Court of Appeals of Kentucky.

December 14, 1956.

As Modified on Denial of Rehearing March 15, 1957.

Waller, Threlkeld, Whitlow & Byrd, Goheen, Schultz & Shelbourne, Paducah, for appellants.

Earle T. Shoup, Paducah, for appellees.

WADDILL, Commissioner.

This appeal is from a judgment vacating an order of the Board of Adjustment of the City of Paducah wherein the Board granted a variance permit bestowing upon a property owner a special privilege in the nature of a nonconforming use.

In April, 1952, the Board of Commissioners of the City of Paducah adopted a comprehensive zoning ordinance. This action was pursuant to a recommendation contained in a final report of the Planning and Zoning Commission of the City of Paducah and McCracken County. Under the terms of the zoning ordinance the portion of the property situated between Meyers Street and the floodwall is in a B-3, or General Business Zone, which zone extends from Clements Street on the south to a point beyond Broad Street on the north and then continues along Third Street for an additional block or so. The portion of the property in this area situated east of the floodwall is in an M-2, or Heavy Industrial Zone.

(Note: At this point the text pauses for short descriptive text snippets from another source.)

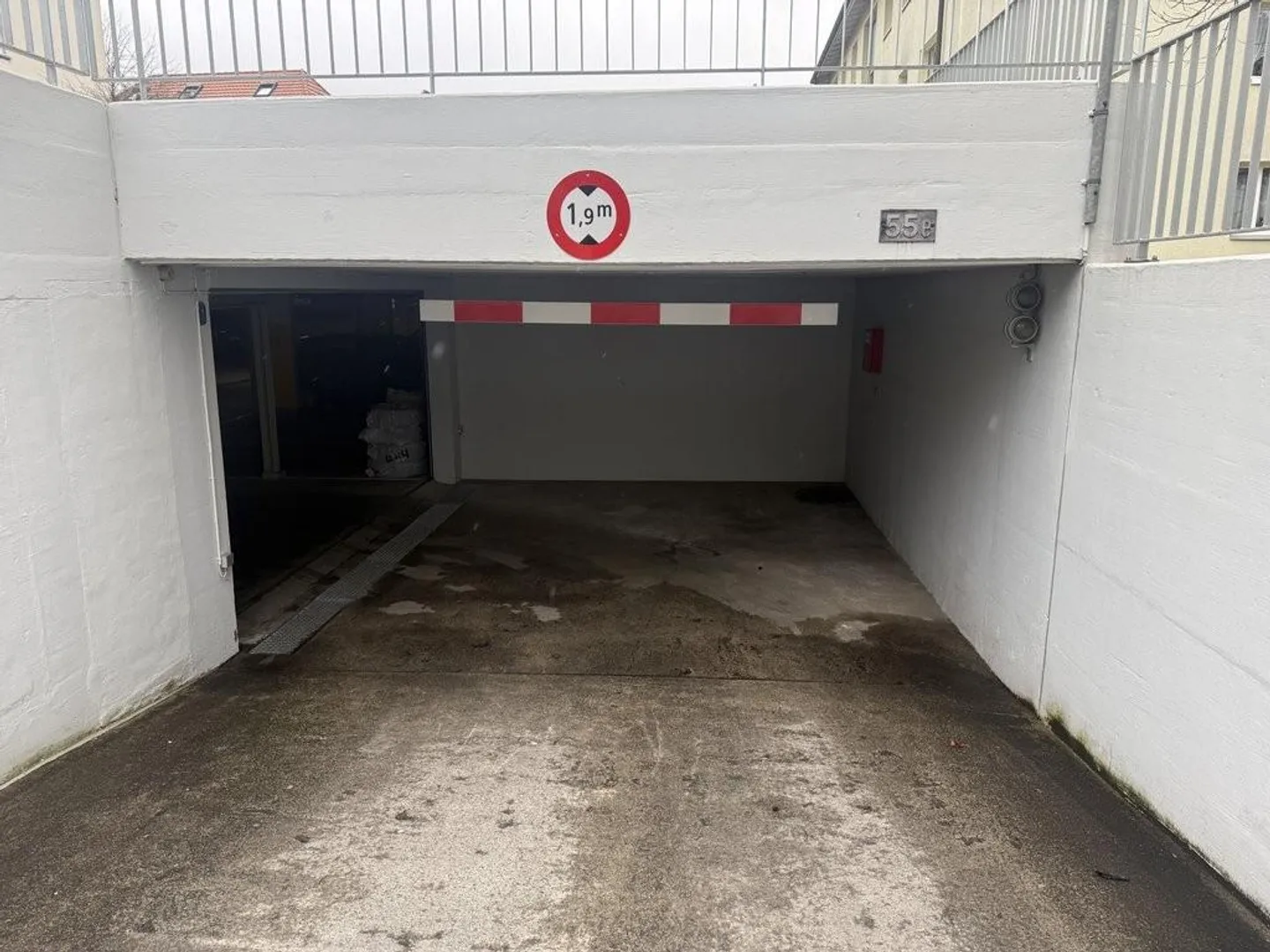 Place de parking à louer - Photo 3 sur 5
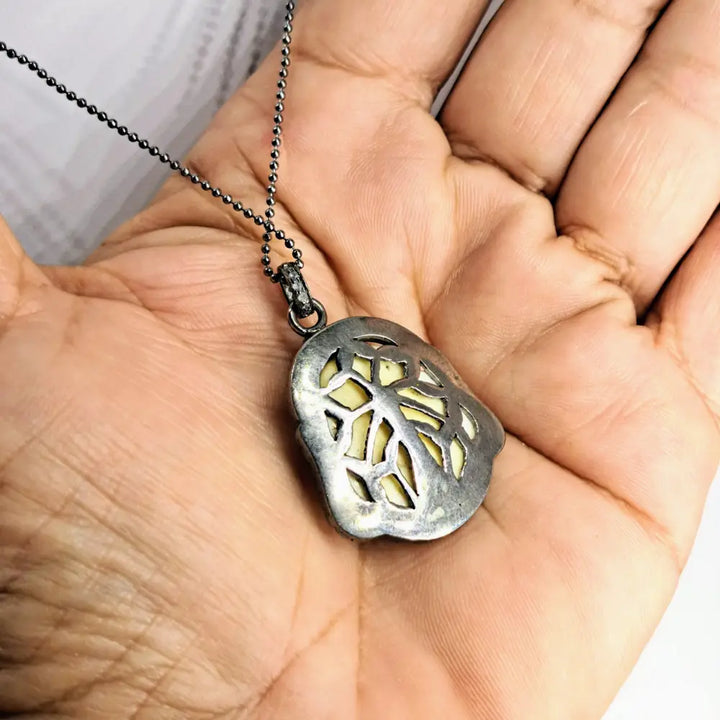 Outlet ?Happy Necklace’ Pendant - Diamond Carved Bone Black Sterling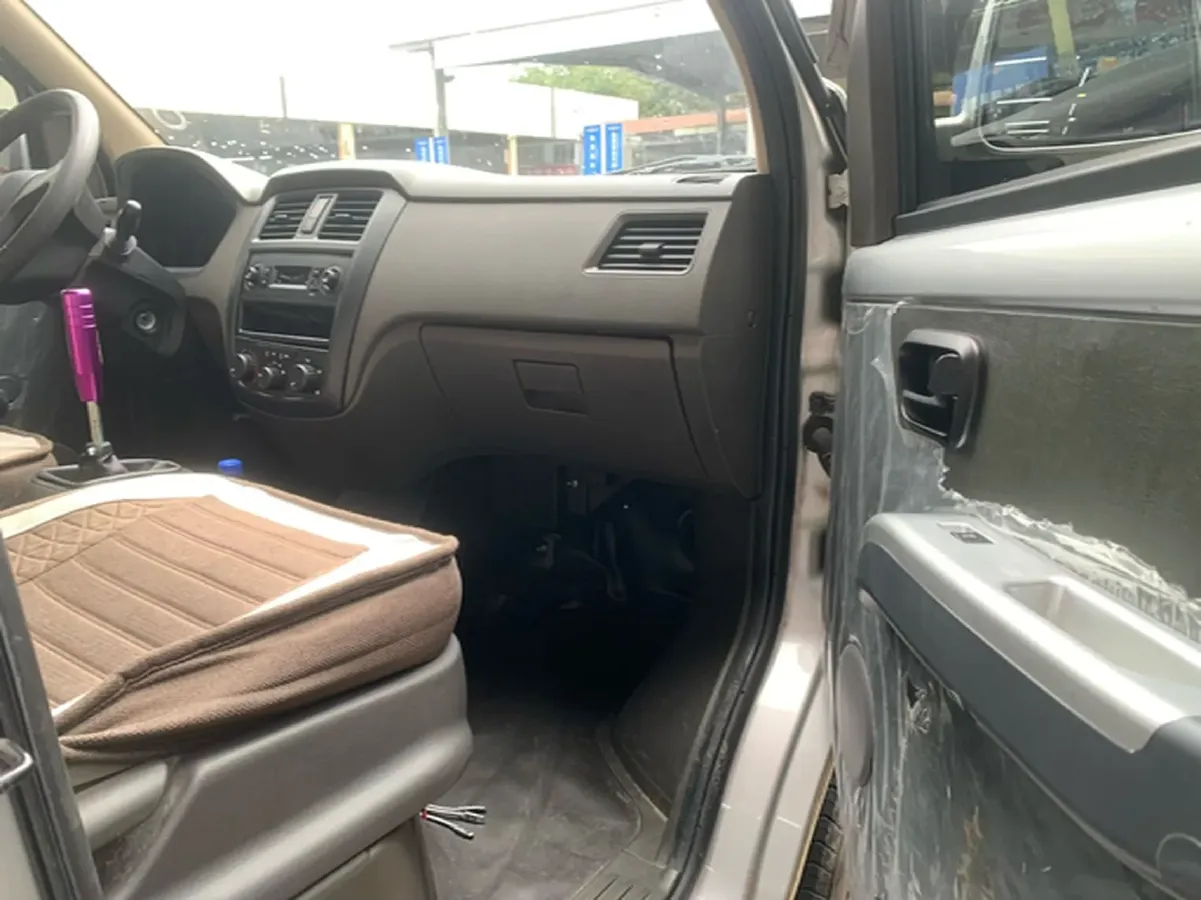 2022 WuLing RongGuang S 1.2L 76HP L4 5MT,autocango,china used car exporter,china ev exporter,chinese used car exporter,chinese used ev exporter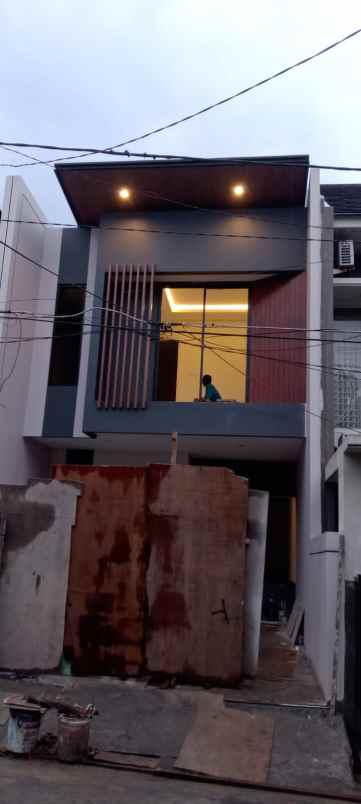 dijual rumah mulyosari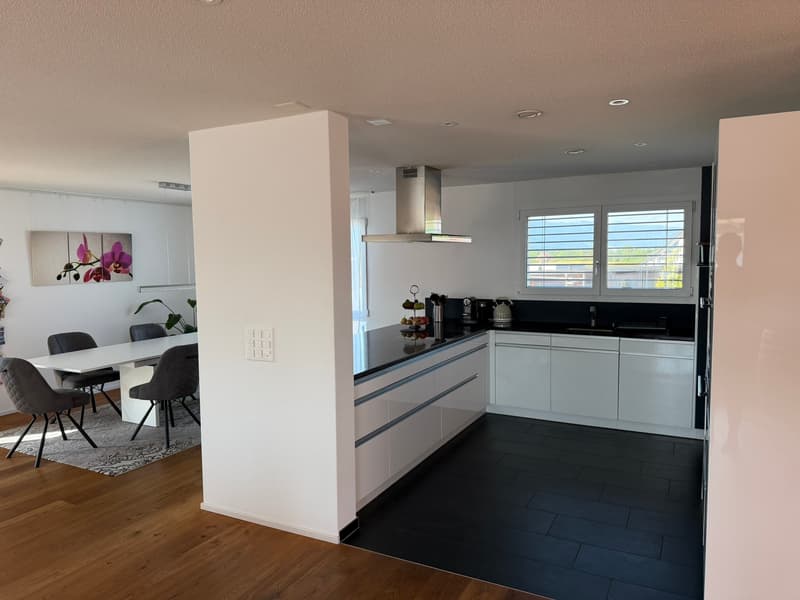 4½ ZIMMER-ATTIKAWOHNUNG IN STUDEN (BE), MÖBLIERT, TEMPORÄR (2)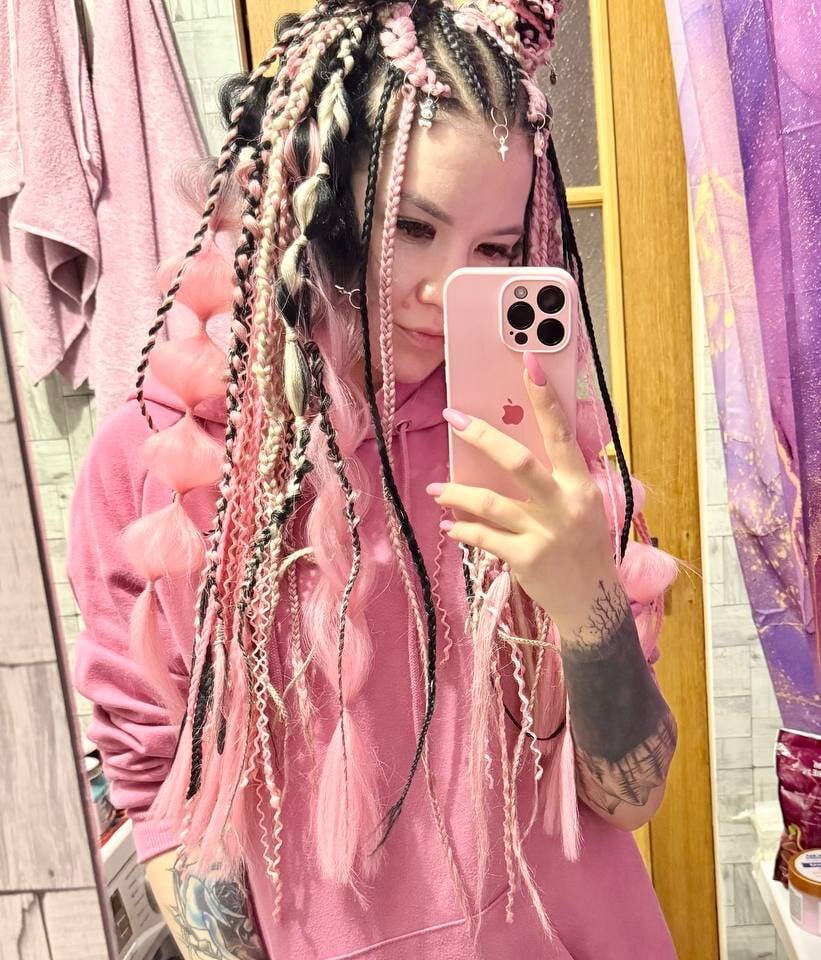 onaircams.com lina_moony livesex profile in white-hair cams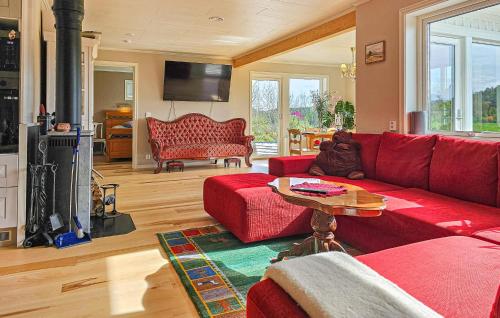 Two-Bedroom Holiday Home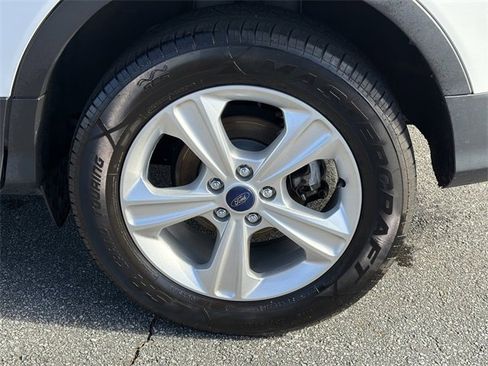 Used 2015 Ford Escape SE image 19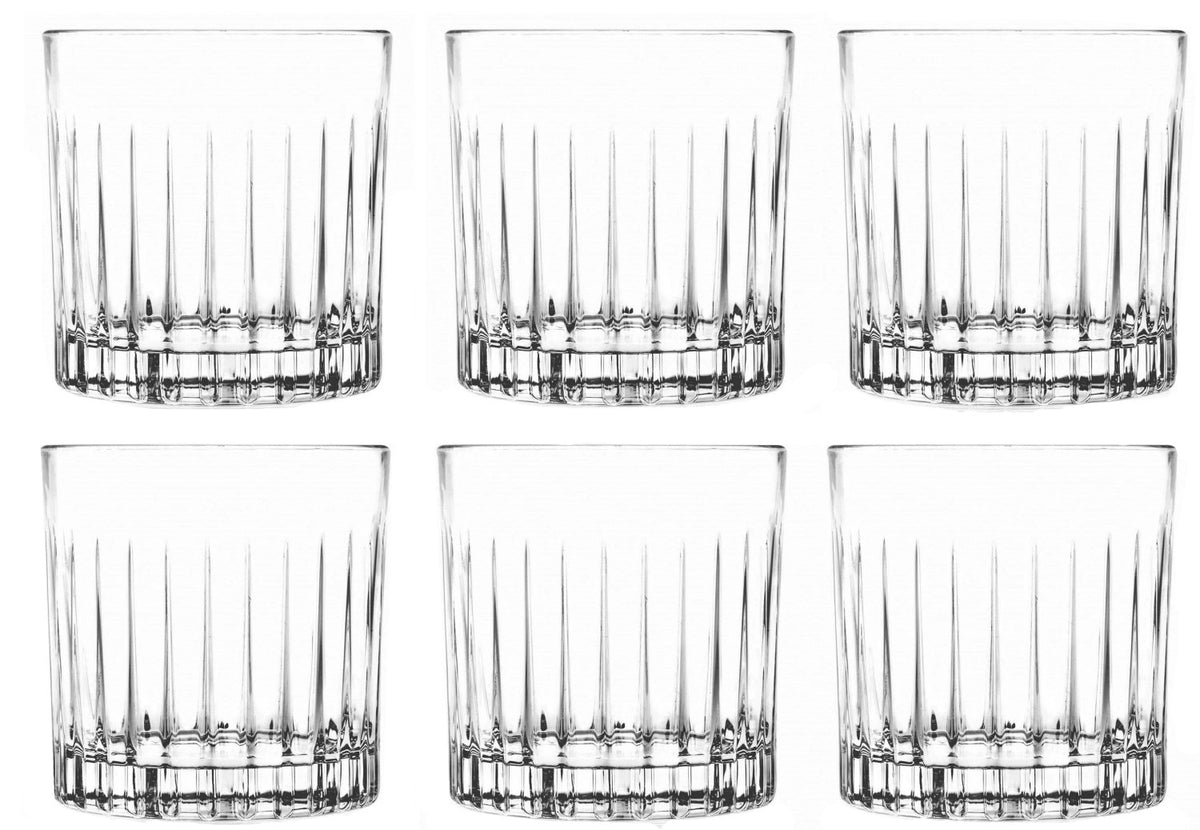 Sechs transparente Trinkgläser aus Glas, Dof-Tumbler-Form, Ø8.6 cm, Höhe 9.2 cm, 36 cl Fassungsvermögen, RCR Timeless Kollektion, aufgereiht nebeneinander.
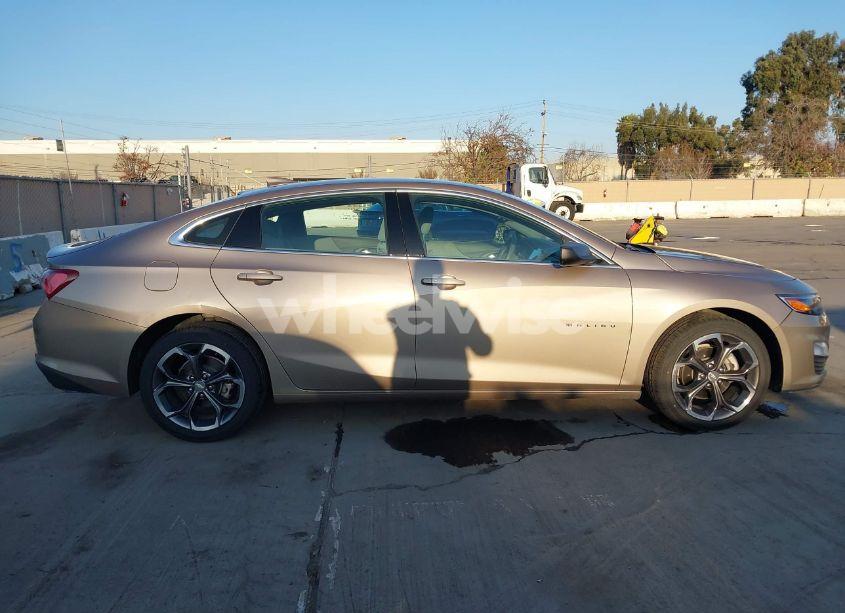 Photo 13 of 2022 Chevrolet Malibu FWD LT (VIN 1G1ZD5ST5NF112046)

The property in controversy is owned by Arrow Transportation Company, and it fronts about 365 feet on Meyers Street and extends to the west bank of the Tennessee River. This tract is divided by the Paducah floodwall, approximately one fourth of it lying between Meyers Street and the floodwall and about three fourths of it lying between the floodwall and the river. The action of the Board of Adjustment appealed from affects only that part of the property located in the B-3 zone. This particular tract is approximately in the middle of the B-3 zone, and is bounded on the west by Meyers Street, on the north by property owned by the City of Paducah adjacent to Island Creek, on the south by some privately owned property and on the east by the floodwall.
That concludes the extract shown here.